Secretary of State John Kerry on Sunday stressed the United States is willing to engage with North Korea as long as it takes steps to give up nuclear weapons.
He also vowed the United States would protect its Asian allies against any provocative acts by the North, but said Washington wants a peaceful solution to rising tensions in the region.
“We are prepared to reach out but we need [the] appropriate moment, appropriate circumstance,” Kerry said, adding that North Korea had to take steps towards giving up its nuclear programs.
The North has threatened for weeks to attack the United States, South Korea and Japan since new U.N. sanctions were imposed in response to its latest nuclear arms test in February. Speculation has mounted of a new missile launch or nuclear test.
“I think it is really unfortunate that there has been so much focus and attention in the media and elsewhere on the subject of war, when what we really ought to be talking about is the possibility of peace. And I think there are those possibilities,” Kerry earlier told a news conference in Tokyo after a meeting with his Japanese counterpart, Fumio Kishida.
Kerry was in Japan for the final stop on an Asian tour aimed at solidifying support for curbing North Korea’s nuclear program, and reassuring U.S. allies.

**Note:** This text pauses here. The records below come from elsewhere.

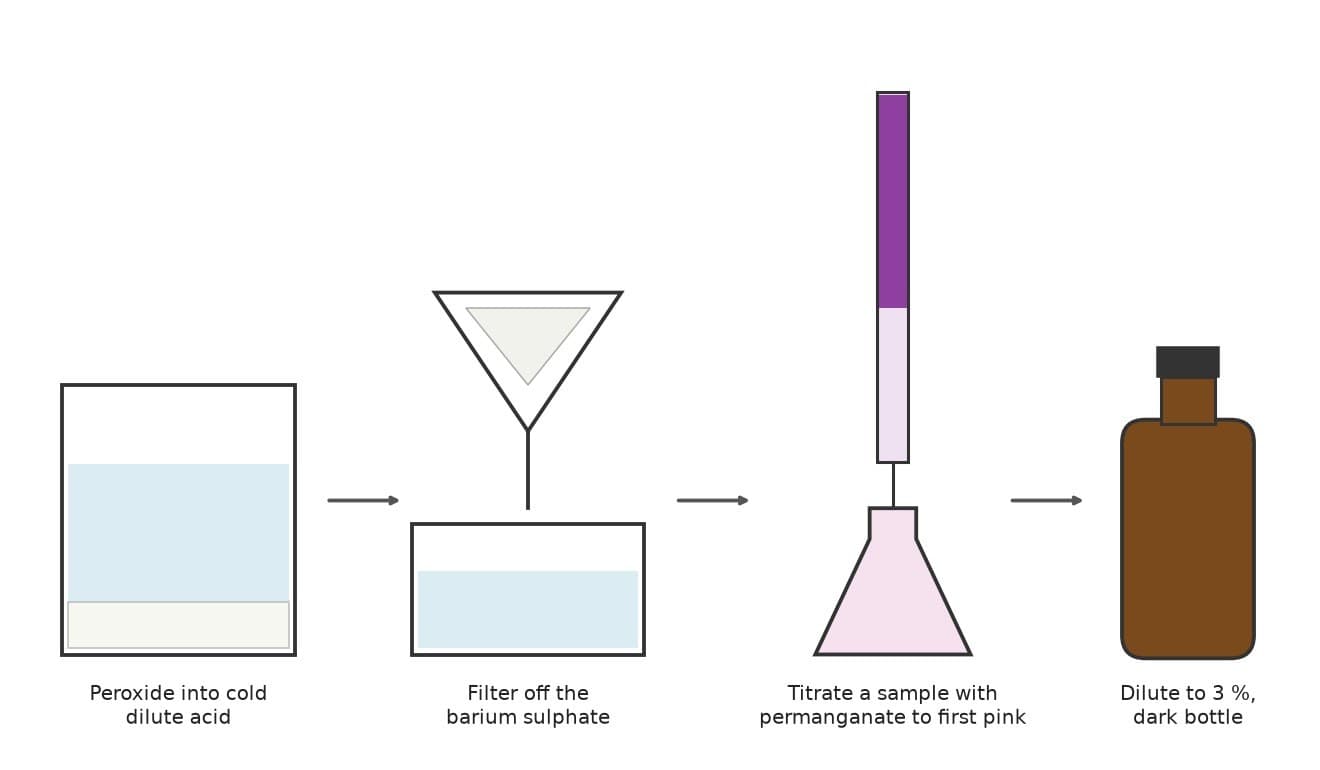 Hydrogen Peroxide 3 %: Barium Peroxide in Dilute Sulphuric Acid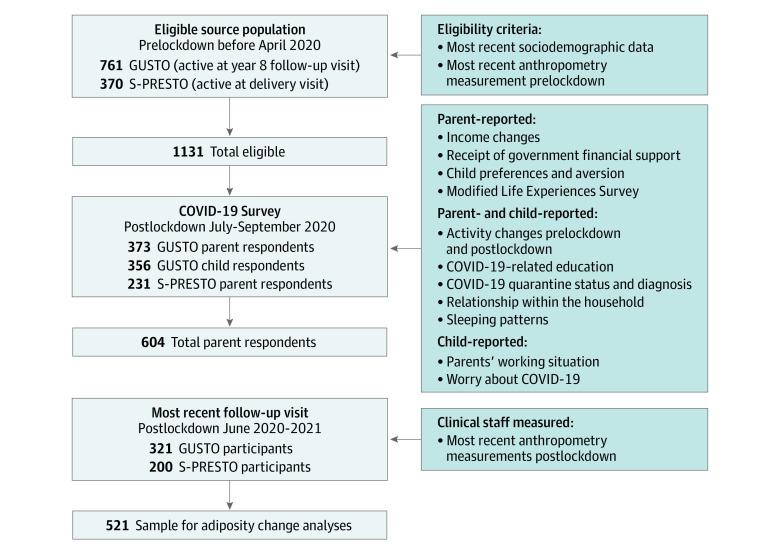 https://cdn.ncbi.nlm.nih.gov/pmc/blobs/baff/8787686/8acb786518e7/jamapediatr-e215585-g001.jpg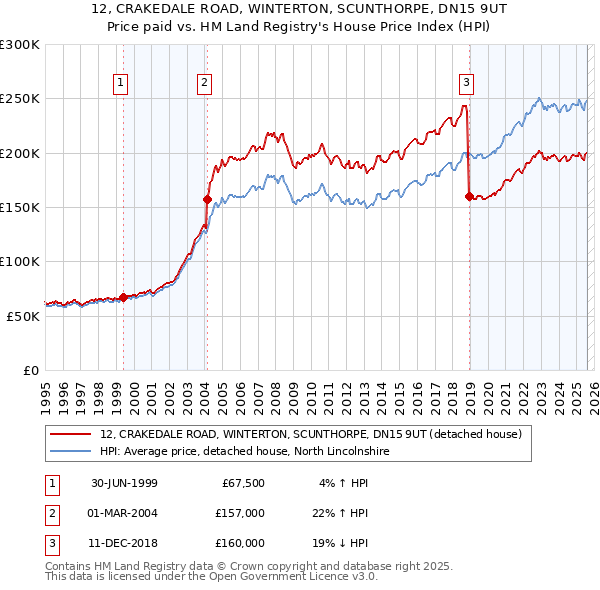 12, CRAKEDALE ROAD, WINTERTON, SCUNTHORPE, DN15 9UT: Price paid vs HM Land Registry's House Price Index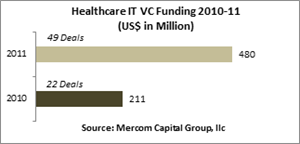 Top VC investors in 2011 were HLM Venture Partners with four deals, followed by Cardinal Partners, Chrysalis Ventures, Founders Fund, Innovation Endeavors and Klein Perkins Caulfield & Byers, with three deals each. There were a total of 104 VC investors in 2011, compared to 62 in 2010.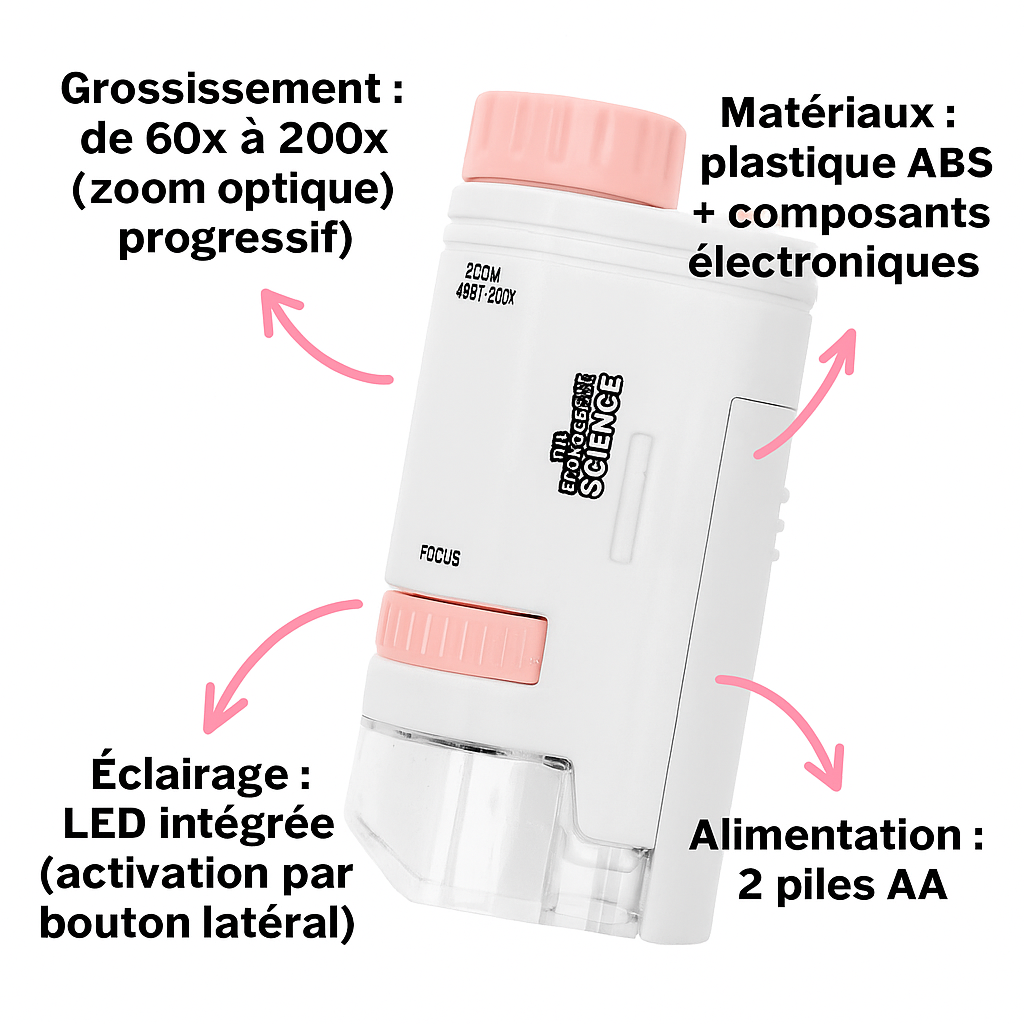 Microscope de poche LED pour fille 200×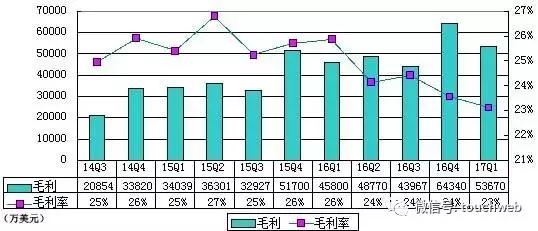 wzatv:【j2开奖】唯品会Q1季报图解：净利8020万美元 同比增16%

Kerry said the United States would “do what was necessary” to defend its allies Japan and South Korea, but added: “Our choice is to negotiate, our choice is to move to the table and find a way for the region to have peace.”
North Korea Unbending
Pyongyang, which was preparing to celebrate the birth date of state founder Kim Il-Sung on Monday, reiterated it had no intention of abandoning its atomic arms programs.
“We will expand in quantity our nuclear weapons capability, which is the treasure of a unified Korea … that we would never barter at any price,” Kim Young-nam, North Korea’s titular head of state, told a gathering of officials and service personnel applauding Kim Il-Sung.
The KCNA news agency also rejected as a “cunning trick” South Korean President Park Geun-hye’s suggestion last week of holding talks with the North.
The South Korean capital, Seoul, displayed the calm it has shown throughout the crisis.